**Data block:**
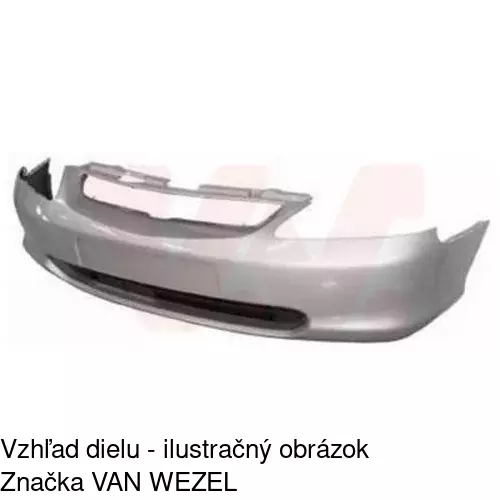 Predný nárazník POLCAR 3825071J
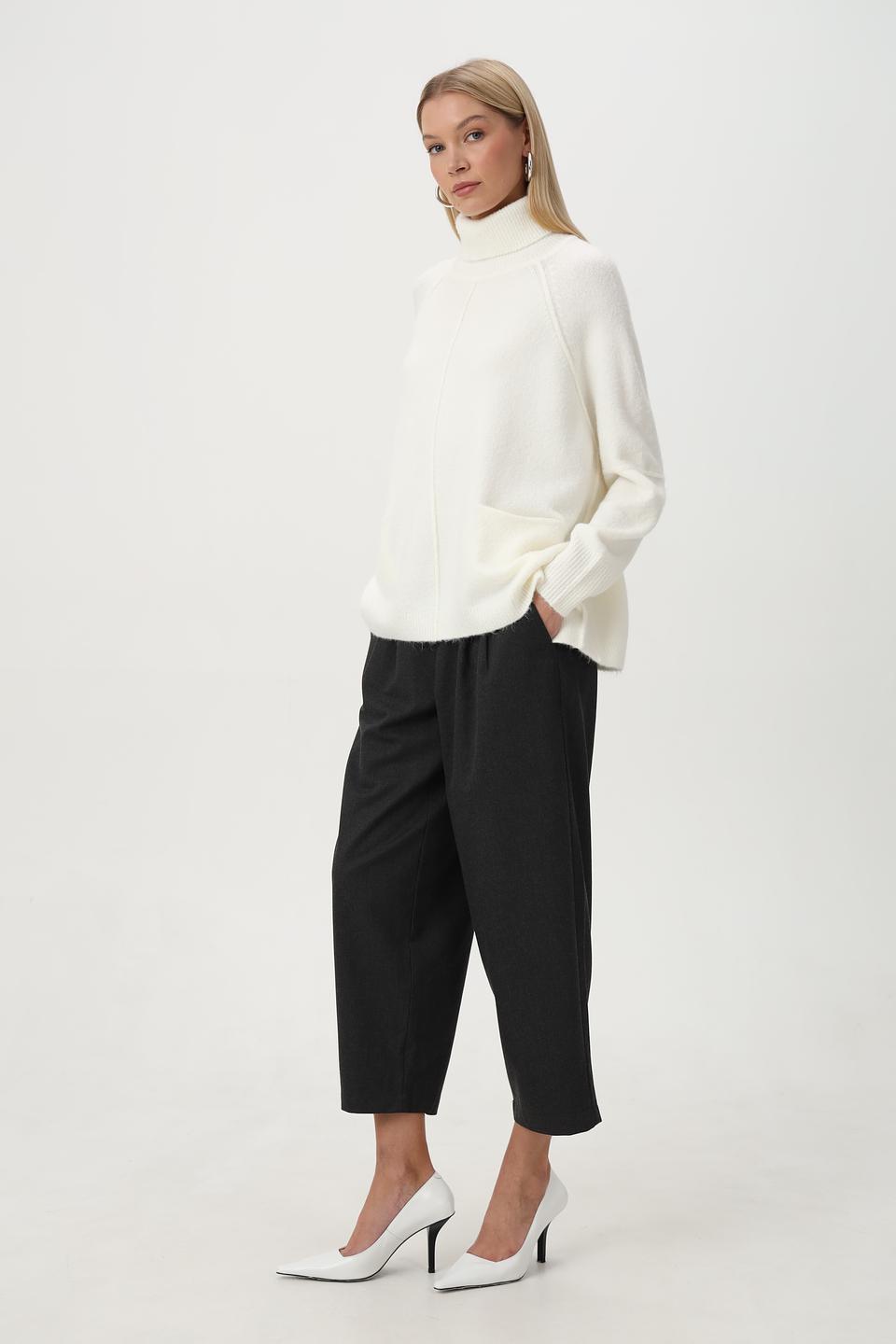 Брюки Bugatti кюлоты серые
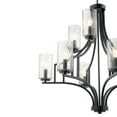 thumbnail image 2 of 44073DBK Kichler Lighting Vara - 9 light 2-Tier Chandelier - 29.75 inches tall by 32 inches wide-Distressed Black Finish    -Traditional Installation, 2 of 2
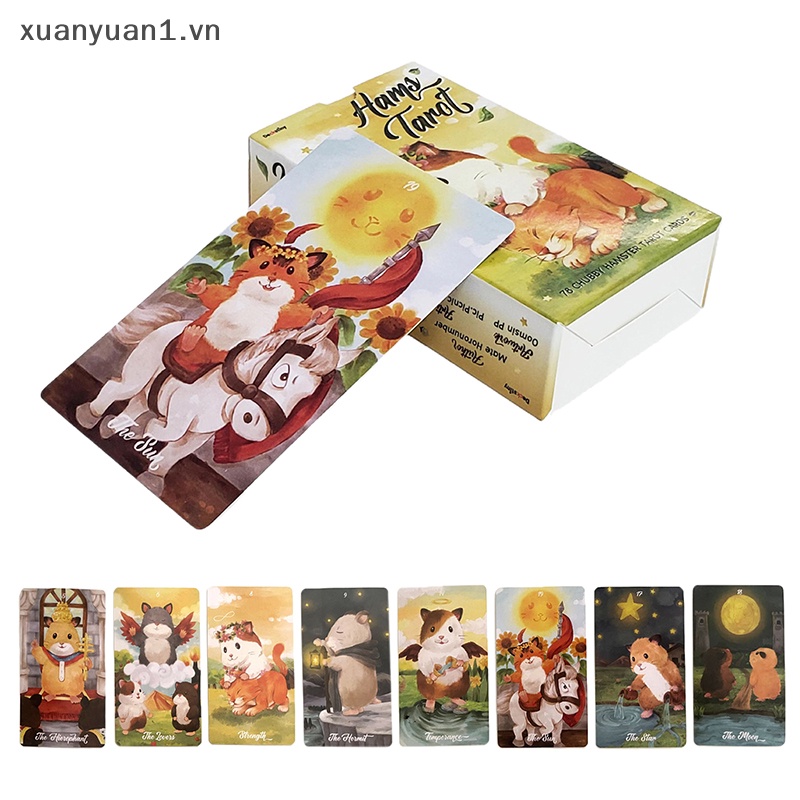 Bộ Bài Tarot 12 * 7cm Dùng Để Chơi Bài Tarot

**How to complete this task:** Please set down the whole listing exactly, apart from the pictures.

**Response below:**
 Predný nárazník POLCAR 3825071J
 Брюки Bugatti кюлоты серые
 thumbnail image 2 of 44073DBK Kichler Lighting Vara - 9 light 2-Tier Chandelier - 29.75 inches tall by 32 inches wide-Distressed Black Finish    -Traditional Installation, 2 of 2
 Bộ Bài Tarot 12 * 7cm Dùng Để Chơi Bài Tarot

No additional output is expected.